So, I mentioned I was playing with Ophcrack. That has been fun. I've just been trying setting different passwords on my laptop to see what was crackable and how long it took. This was running on my Compaq 700 series, which is a relatively low-powered little machine. It is only an AMD Duron 1Ghz with 256 Meg of RAM, but it works for me. Thanks Dobie. I'm sure that this process would run considerably faster on a newer machine. Anyway, Ophcrack (from the Wikipedia) "...is an open source program that cracks Windows LM hashes using rainbow tables. It can crack 99.9% of alphanumeric passwords of up to 14 characters in usually a few seconds, and at most a few minutes." I didn't know that stuff, so I tried some longer passwords in my experiments. By the way, Rainbow tables are interesting but complex; read up on them if you're interested.
I have a nice table, and (for god only knows what reason) Blogger won't display it right, so here it is in a separate window.
To use this tool, you have to have a computer that boots off the CD that you have in hand. If the computer doesn't boot from the CD (you have to just try it and see if it does or not) then you have to change the CMOS setting for boot order. Smart techs set their computers not to boot from CDs and set a CMOS password, but I'd be interested in seeing how many unprotected computers I could boot in the real world and have success with this.
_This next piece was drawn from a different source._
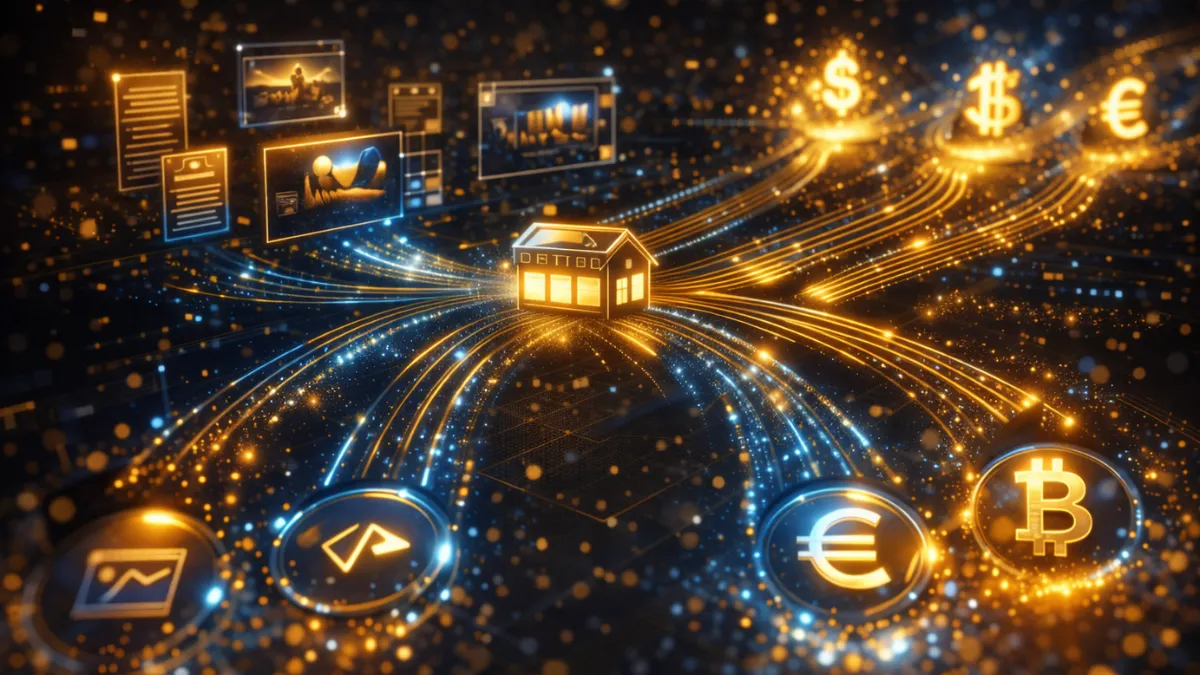 تصور مجرد لمنتجات أوامر رقمية تتدفق عبر قنوات الأسواق الإلكترونية إلى تدفقات دخل متعددة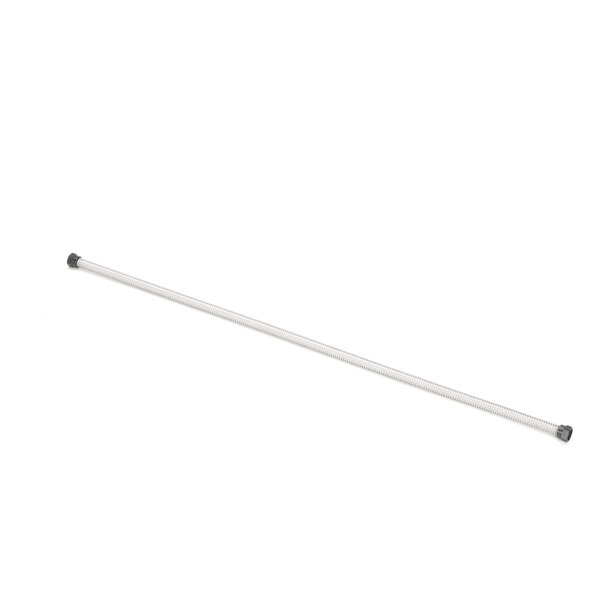 A white metal rod with black rubber caps.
If you have easy access to a machine and time, but not the CMOS password, you can pull the CMOS jumper to clear it. By clearing that password, you gain access to the CMOS settings and change the boot order. If it isn't password protected, you just have to know what F-key to press to get in. Anyway, if you can get the computer to boot the CD, you just sit back and wait. If the password is short and easy (and let's be honest: most people use their dog's name or something) you'll have it in no time without any traces. I guess if you were a smart Orenthal James Hacker you'd wear gloves so as not to leave fingerprints. hehe.
So, the long and short is that hacking passwords is easy if several circumstances go your way. If the machine is CMOS password protected and cabled to the desk and doesn't boot off CD, you're outta luck. Then you have to social engineer the password out of the user, but that's probably illegal, so it would be inadvisable.